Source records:

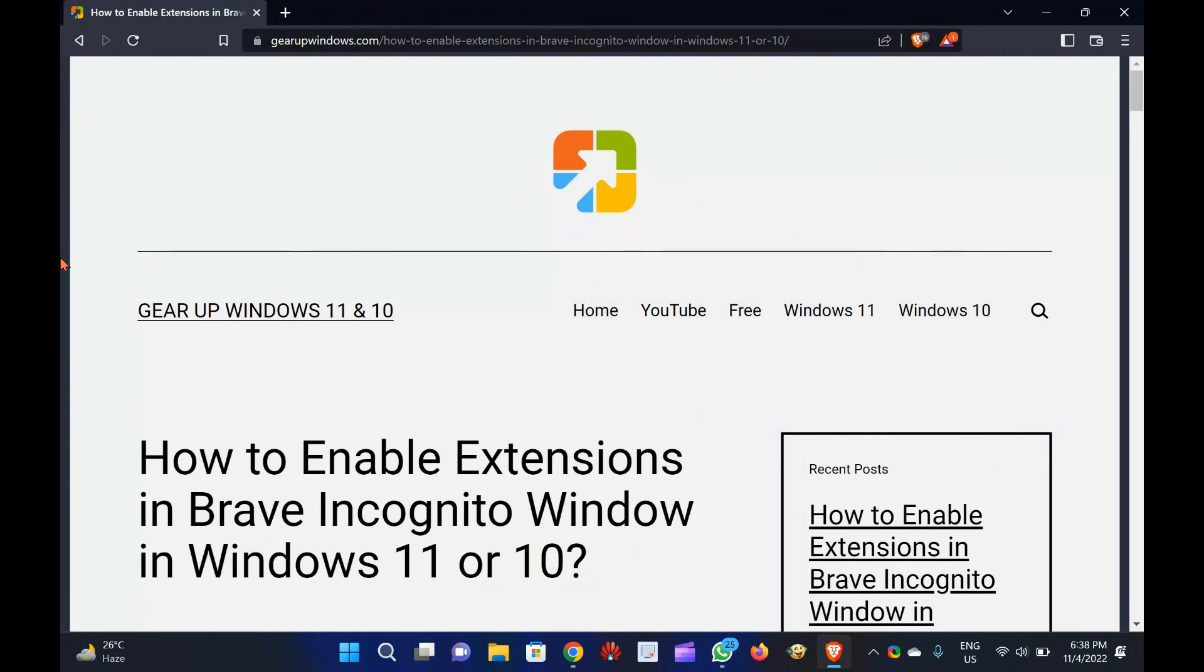If you have not subscribed to GearUp Windows channel yet, join now. A lot of video tutorials about Windows 11, Windows 10, browsers, freeware, etc. are waiting for you.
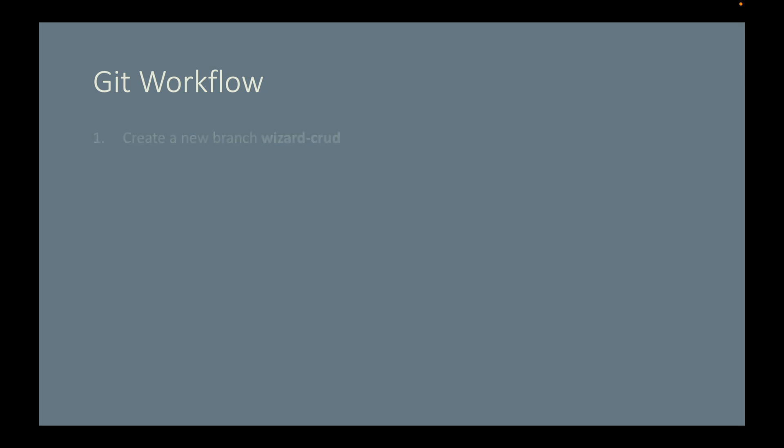You may also need to use this recommended Git workflow. Step one, create a new branch called wizard-CRUD. Remember, do not work on the main branch directly. Always use a feature branch.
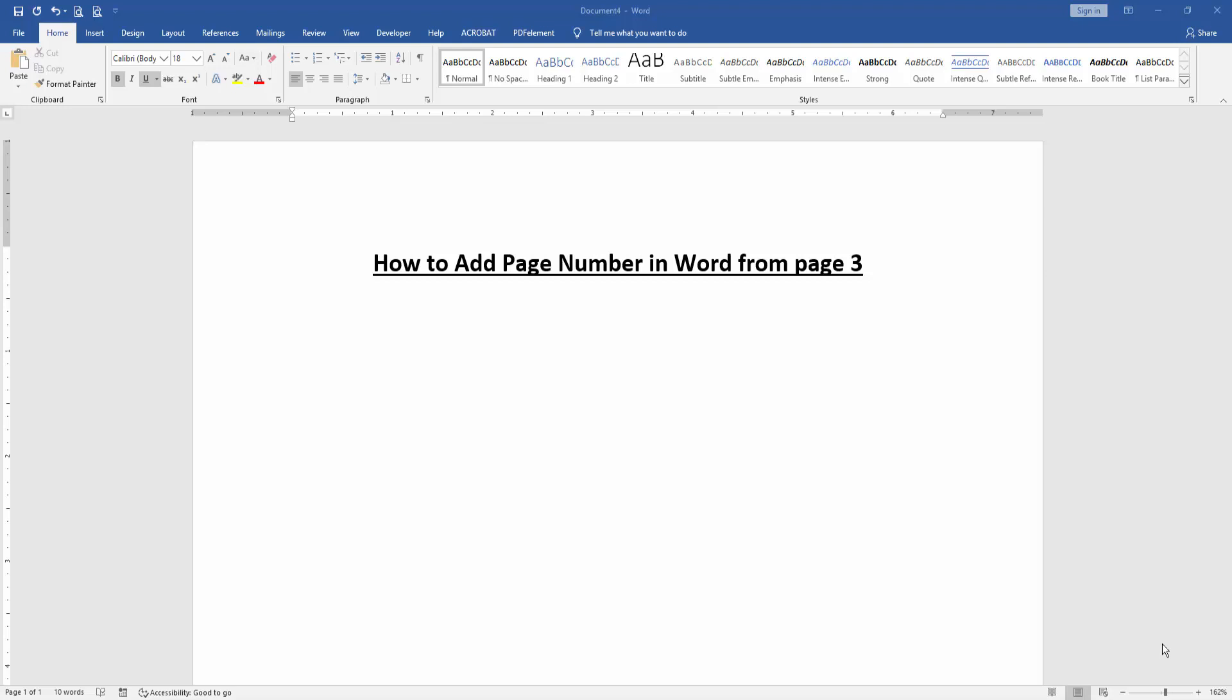In this video, I am going to show you how to add page numbers in Word starting from page 3. Let's get started.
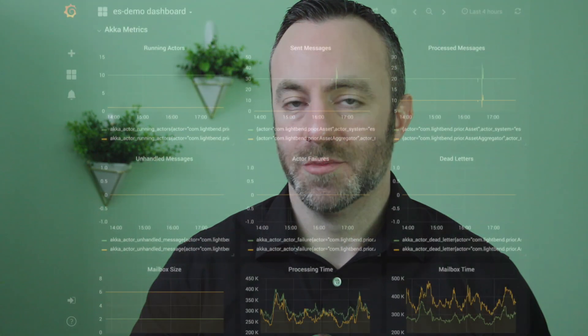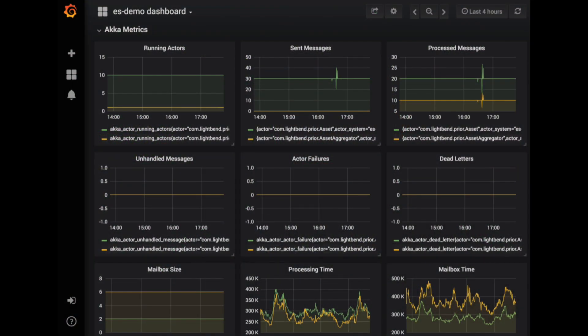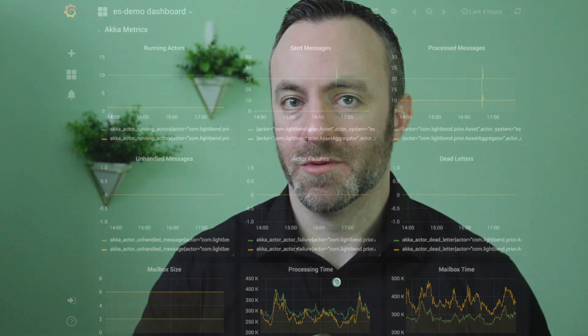So much like an airplane pilot has a dashboard to make sure the plane is flying safely and correctly, as distributed systems engineers, we need a way to make sure our software is performing correctly in production in real time.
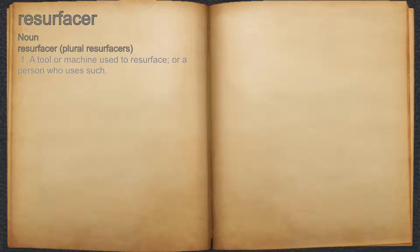A tool or machine used to resurface, or a person who uses such.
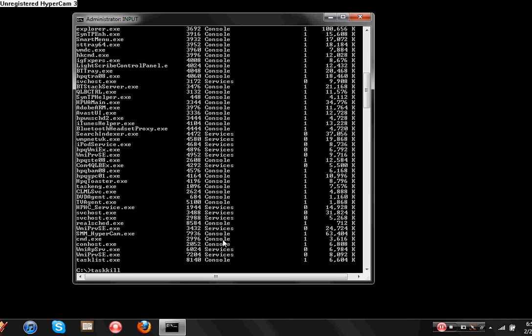Taskkill forward slash im cmd.exe. This screen will close after I click this, like that. Hope this video has shown some help. If you have any other questions, please send them to my inbox.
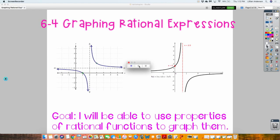Today we are talking about graphing rational expressions. You're going to be able to use different properties of rational functions to graph them. If you notice, on the board there are two examples of pictures of rational expressions. They don't all look like this. You're just being introduced to them right now. If you decide to go the pre-cal route, you'll deal with more involved, more complex rational expressions.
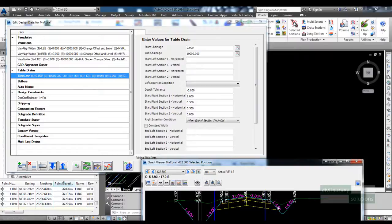So this is a couple of methods to add table drains in: one controlled by a string and the other one a conditional table drain depending on what part of the drain will be in cut.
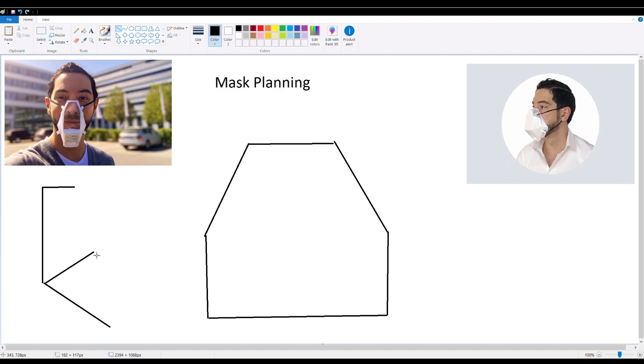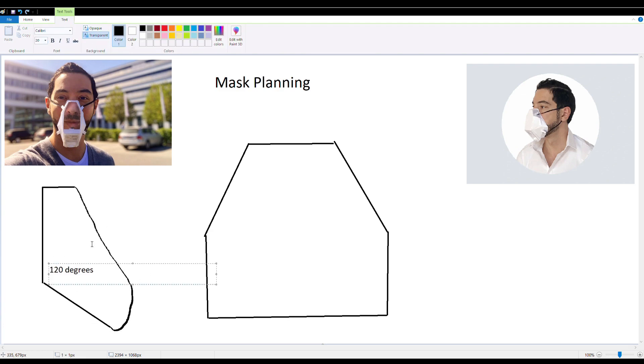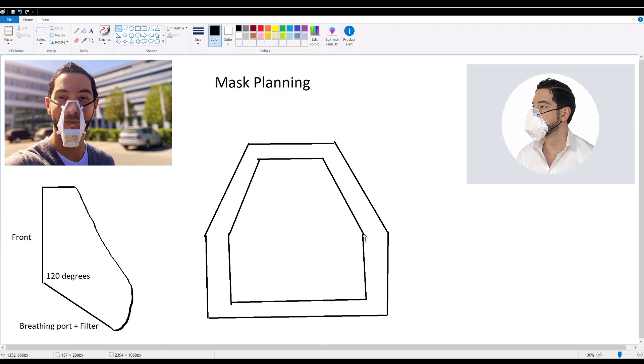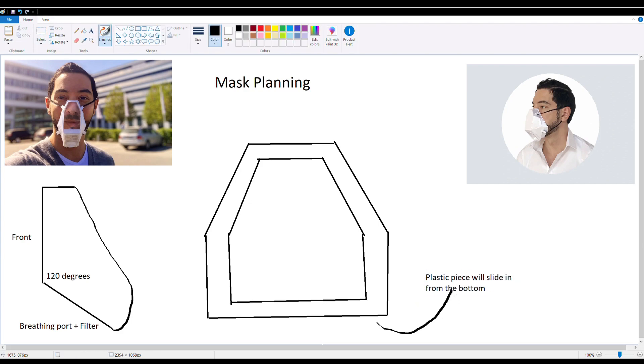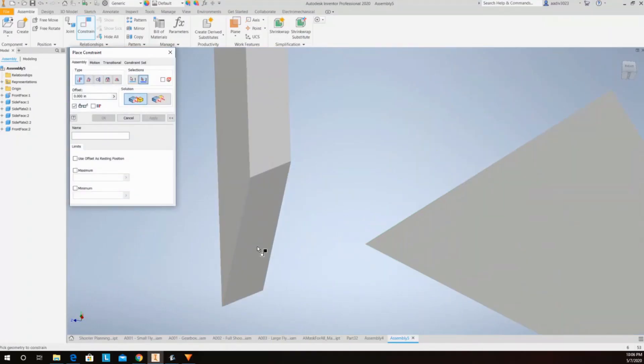And then on the left corner, that's like the side profile, it's at a 120 degree angle. You have the front and then the bottom side is going to be a breathing port plus the filter. And then the plastic piece for the transparency is going to slide in from the bottom and there are going to be loops all around the side for the belt slash strap.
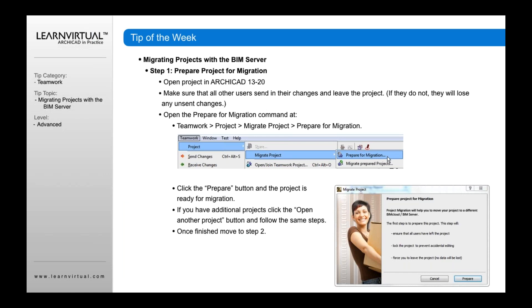If you have any additional projects, click the Open Another Project button and follow the same steps. Once you finish that, move to Step 2.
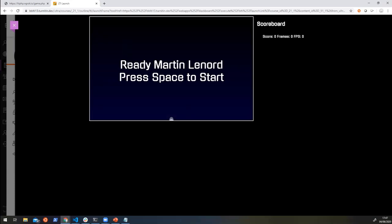And you can see that this time already it's different because now it's saying, ready, Martin, it knows who I am. And it's saying that I can press space to start. So we've got that information from the LTI launch. We know that the LTI launch is valid. And just like that, we have a very basic LTI tool using LTI 1.3 and the basic launch.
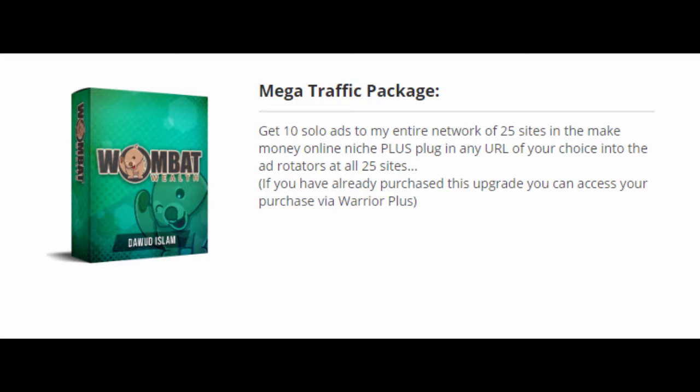Upgrade number 4 is the Mega Traffic Package at $197. Get 10 solo ads to Davood's entire network of 25 sites in the make money online niche, plus plug in any URL of your choice into the ad rotators at all 25 sites.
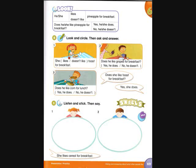Track B59. Page 69. Activity 9: Listen and stick. 1. She likes cereal, raisins, and nuts for breakfast. 2. He likes toast, corn, pumpkin, and beans for lunch.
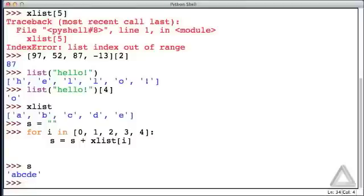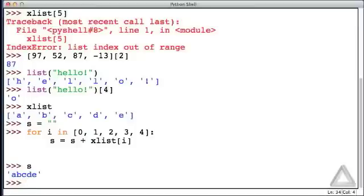Now notice the way we constructed this for loop. As the iterable in the header we explicitly listed every one of the valid indices of xList. And xList is fairly short so that's no big deal. But what if we had a list of a thousand elements or a million elements? Then clearly we don't want to have to do that. Now in the next video we'll see that there's a much better way of generating all the indices for a list. A function called range will come to our rescue. But before getting to that I want to discuss a few things that are related to what we've just done.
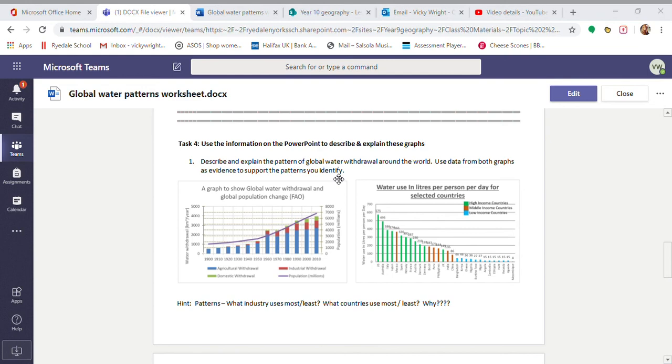And so many are using a lot more as well, especially ones like Brazil and China and Mexico. Because they're going through their industrial revolution. So their industrial water use is going to be increasing there. As well as the fact they're getting richer, so their agriculture and their domestic will be increasing as well.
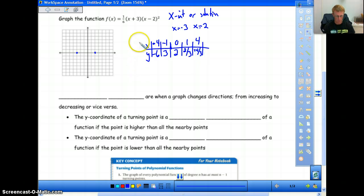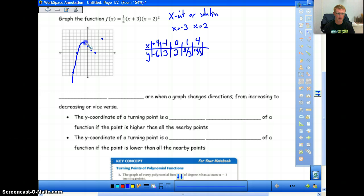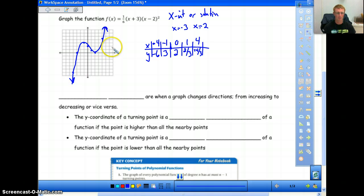Now I'll just plot these values on the graph. We have the points: (negative 4, negative 6), (negative 1, 3), (0, 2), (1, 2/3), and (4, 14/3) — that's about four-point-something, so it doesn't have to be exact. Based on our plotted points, we can take a pretty good guess at what the sketch is going to look like. It looks like this one will touch and go back up. The general shape gives us our sketch.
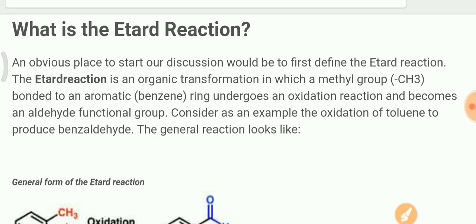Hey guys, welcome to Sarma Ji Education. We will learn about the Etard reaction — its concept, its reactants, its products, and which catalyst we use in this reaction. Let's start.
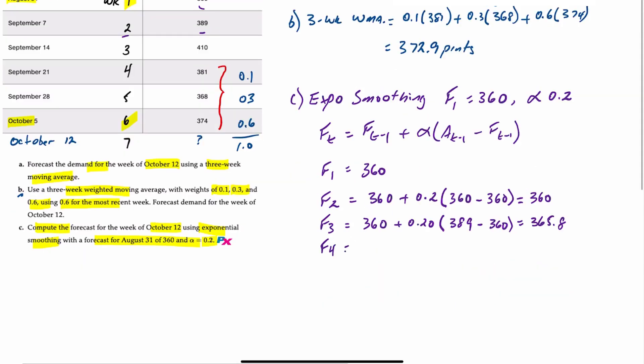The forecast for week four is 365.8, plus 20% of the difference between 410, which is the week three actual, minus the week three forecast of 365.8, and that gives you an answer of 374.64.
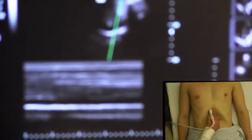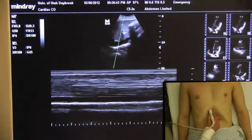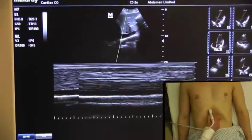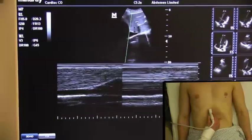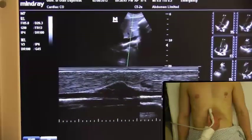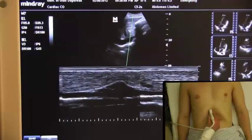Using M-mode, I'll place the ice pick through the proximal IVC 2-3 cm from the heart border, or just distal to the first hepatic vein.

- _Exercise requirements_
The entries are to be printed exactly as written; the pictures are to be left out.

- _Exercise output_
If you have not subscribed to GearUp Windows channel yet, join now. A lot of video tutorials about Windows 11, Windows 10, browsers, freeware, etc. are waiting for you.
You may also need to use this recommended Git workflow. Step one, create a new branch called wizard-CRUD. Remember, do not work on the main branch directly. Always use a feature branch.
In this video, I am going to show you how to add page numbers in Word starting from page 3. Let's get started.
So much like an airplane pilot has a dashboard to make sure the plane is flying safely and correctly, as distributed systems engineers, we need a way to make sure our software is performing correctly in production in real time.
A tool or machine used to resurface, or a person who uses such.
Taskkill forward slash im cmd.exe. This screen will close after I click this, like that. Hope this video has shown some help. If you have any other questions, please send them to my inbox.
Today we are talking about graphing rational expressions. You're going to be able to use different properties of rational functions to graph them. If you notice, on the board there are two examples of pictures of rational expressions. They don't all look like this. You're just being introduced to them right now. If you decide to go the pre-cal route, you'll deal with more involved, more complex rational expressions.
So this is a couple of methods to add table drains in: one controlled by a string and the other one a conditional table drain depending on what part of the drain will be in cut.
And then on the left corner, that's like the side profile, it's at a 120 degree angle. You have the front and then the bottom side is going to be a breathing port plus the filter. And then the plastic piece for the transparency is going to slide in from the bottom and there are going to be loops all around the side for the belt slash strap.
If you have any additional projects, click the Open Another Project button and follow the same steps. Once you finish that, move to Step 2.
And you can see that this time already it's different because now it's saying, ready, Martin, it knows who I am. And it's saying that I can press space to start. So we've got that information from the LTI launch. We know that the LTI launch is valid. And just like that, we have a very basic LTI tool using LTI 1.3 and the basic launch.
Upgrade number 4 is the Mega Traffic Package at $197. Get 10 solo ads to Davood's entire network of 25 sites in the make money online niche, plus plug in any URL of your choice into the ad rotators at all 25 sites.
Track B59. Page 69. Activity 9: Listen and stick. 1. She likes cereal, raisins, and nuts for breakfast. 2. He likes toast, corn, pumpkin, and beans for lunch.
Now notice the way we constructed this for loop. As the iterable in the header we explicitly listed every one of the valid indices of xList. And xList is fairly short so that's no big deal. But what if we had a list of a thousand elements or a million elements? Then clearly we don't want to have to do that. Now in the next video we'll see that there's a much better way of generating all the indices for a list. A function called range will come to our rescue. But before getting to that I want to discuss a few things that are related to what we've just done.
And so many are using a lot more as well, especially ones like Brazil and China and Mexico. Because they're going through their industrial revolution. So their industrial water use is going to be increasing there. As well as the fact they're getting richer, so their agriculture and their domestic will be increasing as well.
Now I'll just plot these values on the graph. We have the points: (negative 4, negative 6), (negative 1, 3), (0, 2), (1, 2/3), and (4, 14/3) — that's about four-point-something, so it doesn't have to be exact. Based on our plotted points, we can take a pretty good guess at what the sketch is going to look like. It looks like this one will touch and go back up. The general shape gives us our sketch.
Hey guys, welcome to Sarma Ji Education. We will learn about the Etard reaction — its concept, its reactants, its products, and which catalyst we use in this reaction. Let's start.
The forecast for week four is 365.8, plus 20% of the difference between 410, which is the week three actual, minus the week three forecast of 365.8, and that gives you an answer of 374.64.
Using M-mode, I'll place the ice pick through the proximal IVC 2-3 cm from the heart border, or just distal to the first hepatic vein.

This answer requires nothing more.